For the next few days, I get to spend time with my original core family, minus one crazy busy sib, and minus spouses or children. It’s like we’re back in 1994. Little sis, lying on dad’s lap, mom, peeling and cutting fruits into pretty little pieces, while we hang out and talk about anything and everything. It’s kinda perfect. This is a different level of comfort, taking me back to my childhood.
Then there comes a moment, when I realize how old I really am. Fortunately, rather than feeling attacked by reality, I am glad to be living an independent life. It’s the natural progression of life. And I am finally at a point, where sadness of growing up doesn’t overtake.
They say reality bites. But sometimes, reality is just fine.
Today is second to last day for ‘Bittersweet Monday’ principal photography. Last night was picture wrap for two of the main actors, for characters GINA & JEREMY.
Yesterday was a long day - I spoke too soon about having relatively easy days left.. The opening scene consisted of lots of setups and light changes, even after we tried to simplify the movements. We worked the full 12 hours, ending slightly after 3am.

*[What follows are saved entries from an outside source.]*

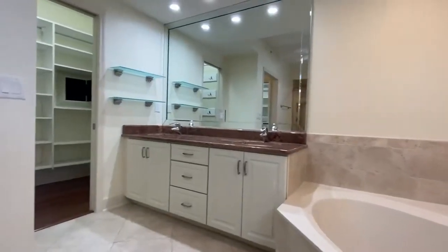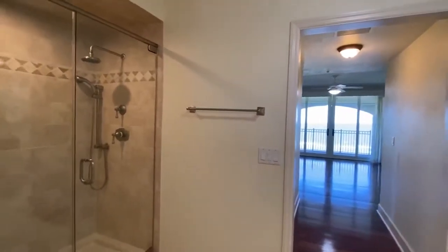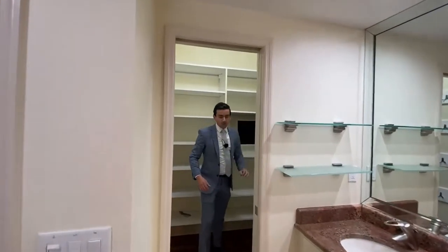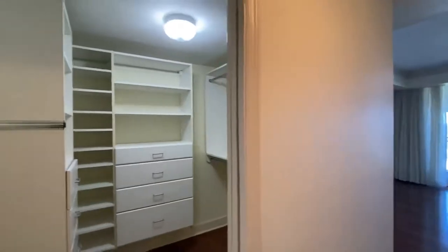Here you have your master bathroom — a beautiful shower with floor-to-ceiling tile throughout. You have your master closet with all built-in hardware and your own safe, so you can keep all your Rolexes and jewelry and expensive things. Because if you live here, you're going to have expensive things. And you have another closet, also with all built-in fixtures.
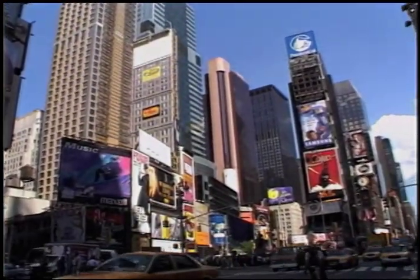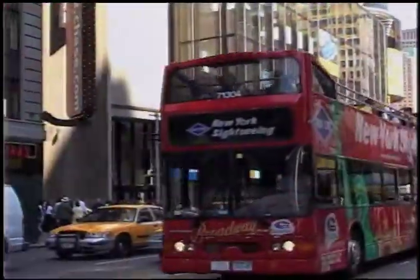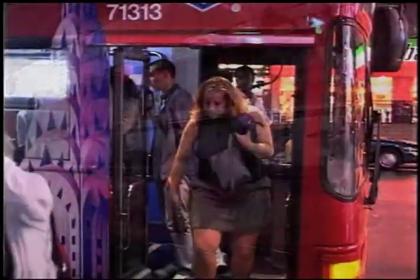Take the best bite out of the Big Apple. See New York City like a native. Have fun taking a Grayline New York sightseeing double-decker hop-on-hop-off all loops tour.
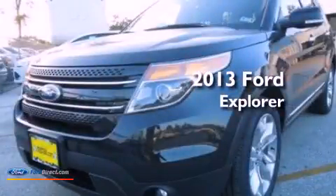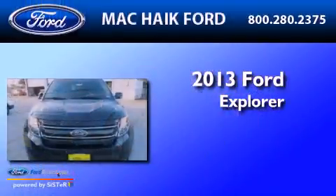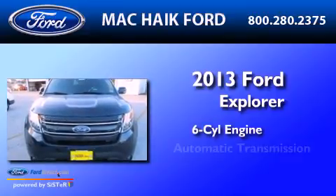This is a brand-new 2013 Ford Explorer. It has a six-cylinder engine and an automatic transmission.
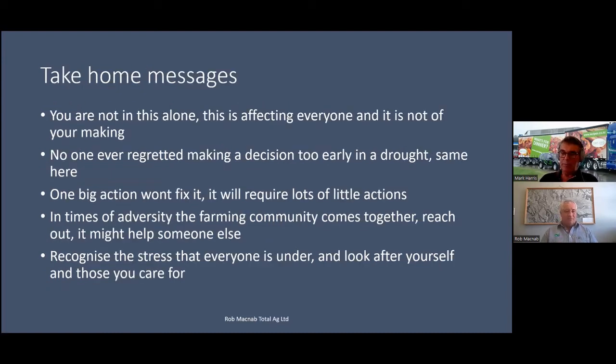Some of the real take-home messages: you are not in this alone. There are people all the way through the industry. Think about how the logistics manager at the works is feeling, not knowing whether they can get refrigerated containers or whether the ship will turn up. You're not in this alone, and this is affecting everyone — it's not your making and not something you can control. Don't beat yourself up about that. No one's ever regretted making a decision too early in a drought or a disaster. Make the early decision, because it will generally be the best decision for you and your business.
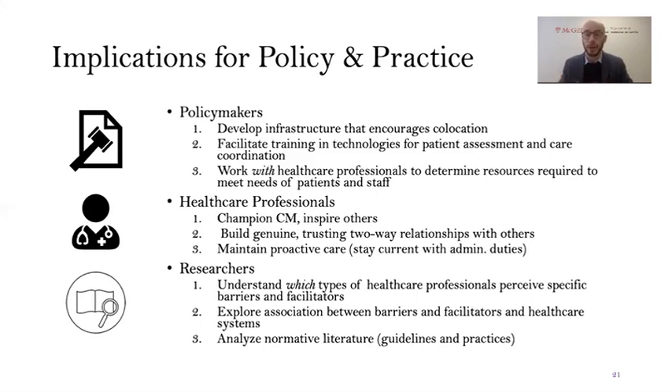For fellow researchers, there is value in conducting subgroup analyses to determine which types of healthcare professionals — physicians, nurses, social workers, administrative staff — experience or perceive which barriers and facilitators, since not all factors may apply to every healthcare professional group. It would also be worthwhile to explore associations between healthcare systems and certain barriers and facilitators — things that applied to the U.S. in 2000 likely would not apply to a more public healthcare system in 2018 or 2019. Finally, there is a need to analyze the normative literature on this topic and understand whether the empirical findings we found align with or contradict current guidelines for healthcare professionals and policy makers in primary care.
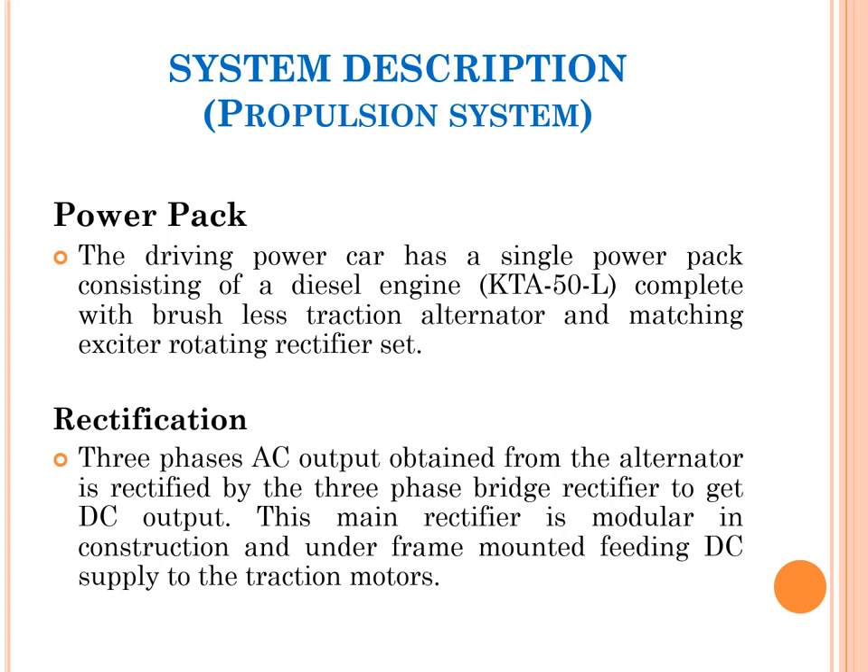The propulsion system of DEMU centers on the power pack. The driving power car has a single power pack consisting of the diesel engine — KTA-50L, Cummins make — complete with a brushless traction alternator and matching exciter rotating rectifier set. The engine drives the crankshaft, and a brushless traction alternator is coupled to the crankshaft, so as the crankshaft rotates, the alternator rotor also rotates and produces the required AC power for traction.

It was a chaotic day for me. I was a lot more exhausted than usual and felt unprepared. It was one of those figure-out-as-you-go kind of days, and getting started was overwhelming. My apt is a big blob of mess, a swamp of crafty bags and tables, lights and equipment, and trash. ‘Producer Dave’ has been very helpful in clearing things out of the way, but I wish I had a few of my own clones, so I don’t have to tell people what to do and do things myself.
Yesterday was also one of those days where I wished I wasn’t producing. I’ve been pretty meticulous about my producing duties, but yesterday, I felt completely out of my element. At this point, I just don’t want to deal with things that could wait. ‘Producer Dave’ is taking care of a lot of the immediate stuff, so I think I’m covered for now.
We begin our BSM NYC day 6 in less than 3 hours. All the scenes are in the bedroom today, and as of now, the room looks like it’s been bombed. I need to start cleaning up. Seriously. Filmmaking is so much manual labor.
I feel like a mess. I am really eager to finish so I can sleep. But at the same time, I’m starting to feel the rush of ‘empty nest syndrome’ sadness. Matt is going back to Boston, Moses to Seattle, Derek to Toronto, and Philipp is leaving to Germany for a while. It might be months or even years before my BSM fam gets together again, and my heart feels tight - could be my strong coffee this morning, but still. It literally hurts a bit.
Before I start sulking, I need to get my ass moving. Lots to do today. Gonna change up ‘lunch’ menu a bit - want my cast & crew happy.. I love you BSM cast & crew. Why are you so good to me?